Reactions: Like 2 | Agree 2


----------



## Room Fogger (11/5/18)

Silver said:


> Wow, @Rude Rudi - those sound amazing


I wholeheartedly agree @Silver , that’s why he is a master mixer on the sites, they just keep on coming.

Reactions: Like 2 | Agree 2


----------



## Adephi (11/5/18)

No FA SoHo? Thats really a great alternative to RY4.

Reactions: Like 2 | Agree 1


----------



## aktorsyl (11/5/18)

Adephi said:


> No FA SoHo? Thats really a great alternative to RY4.

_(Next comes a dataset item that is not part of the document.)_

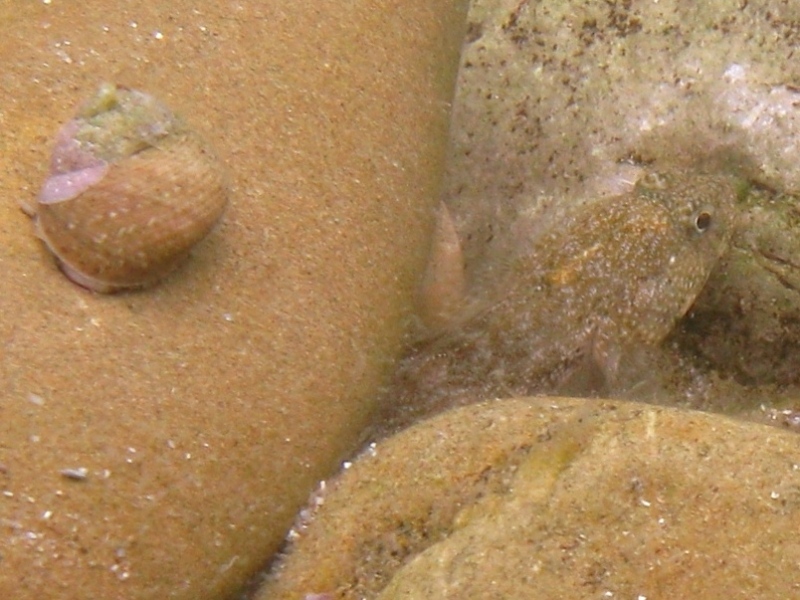 Gobius cobitis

Nope unfortunately not, the top post is all I got.
Really tempted to try something with Black Ducat too, actually.
I've never vaped tobacco in DL, always MTL. Maybe for a change I should drop the nic way down and DL it for a different experience too. Just feels a bit unnatural DL'ing tobacco

Reactions: Like 3


----------



## Faheem777 (11/5/18)

Try this recipe of mines

Biscuit (Inw) 1%
Cheesecake GC (Tfa) 2.5%
Vanilla Swirl (Tfa) 3%
Vienna Cream (Fa) 2%
Marshmallow (Tfa) 1%
Ry4 Double (Tfa) 3%
Gold Ducat (Inw) 1.5%
MTS (Fa) 0.25%
Sweetner (Tfa) 0.5%

Mix Ratio 65/35

Steep: 3 weeks minimum

Reactions: Like 2


----------



## aktorsyl (11/5/18)

Faheem777 said:


> Try this recipe of mines
> 
> Biscuit (Inw) 1%
> Cheesecake GC (Tfa) 2.5%
> ...


Sorry, MTS?

Reactions: Like 2


----------



## Faheem777 (11/5/18)

aktorsyl said:


> Sorry, MTS?



MTS (Mellow, Thick & Smooth) Vape Wizard is an additive. I use it in tobaccos to smooth out rough the edges and to blend a complex mix together better.

Reactions: Like 2


----------



## aktorsyl (11/5/18)

Faheem777 said:


> MTS (Mellow, Thick & Smooth) Vape Wizard is an additive. I use it in tobaccos to smooth out rough the edges and to blend a complex mix together better.


Ohh right, Vape Wizard, thanks!

Reactions: Like 2


----------



## Dietz (12/5/18)

Awesome thread Id like to follow

Reactions: Like 2


----------